• _Your task_: Each record must be written out again exactly. Skip any picture it contains.

Saved entries:
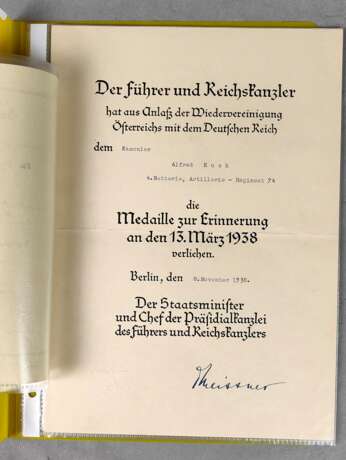 Urkunden Nachlass 1938/43 - фото 2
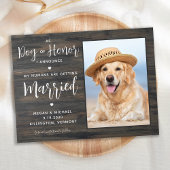 私の人間は犬と結婚素朴してい結婚る 案内ポストカード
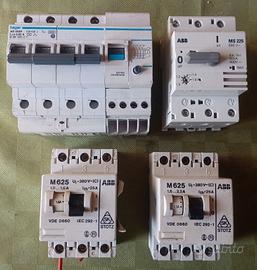 Lotto 4 frutti eletrici industriali interruttori 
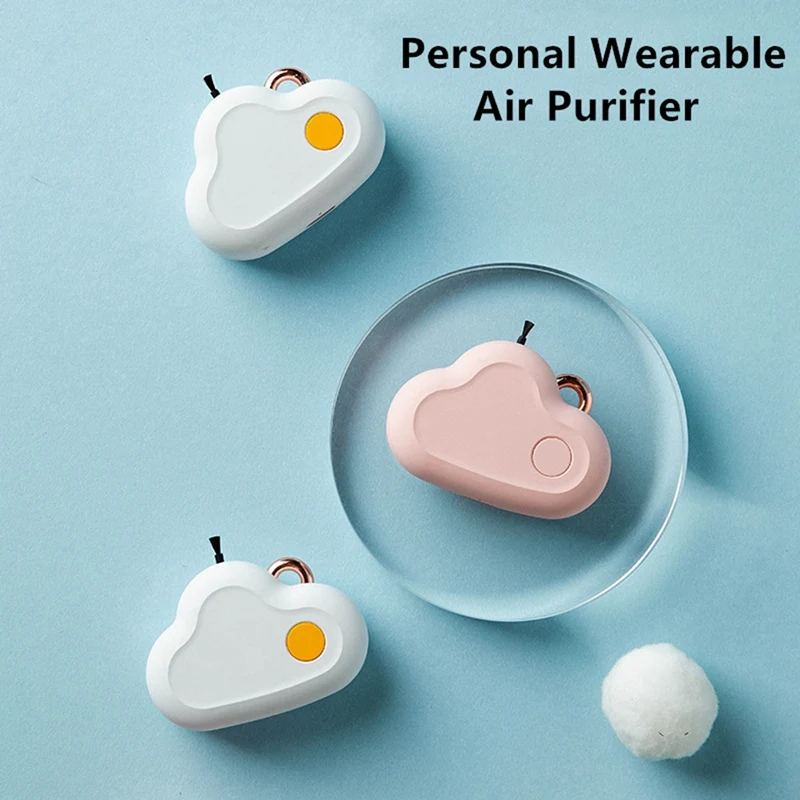 

4 Pcs Mini Portable Air Purifier, Wearable Air Purifier Necklace USB, 2 Pcs Random Color & 2 Pcs Green-White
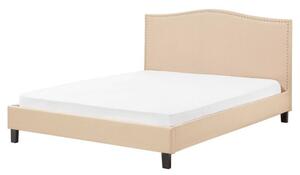 Manželská postel 160 cm MONTHY (s roštem) (béžová). 1007380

• _Answer for the task_:
 Urkunden Nachlass 1938/43 - фото 2
 私の人間は犬と結婚素朴してい結婚る 案内ポストカード
 Lotto 4 frutti eletrici industriali interruttori 

4 Pcs Mini Portable Air Purifier, Wearable Air Purifier Necklace USB, 2 Pcs Random Color & 2 Pcs Green-White
 Manželská postel 160 cm MONTHY (s roštem) (béžová). 1007380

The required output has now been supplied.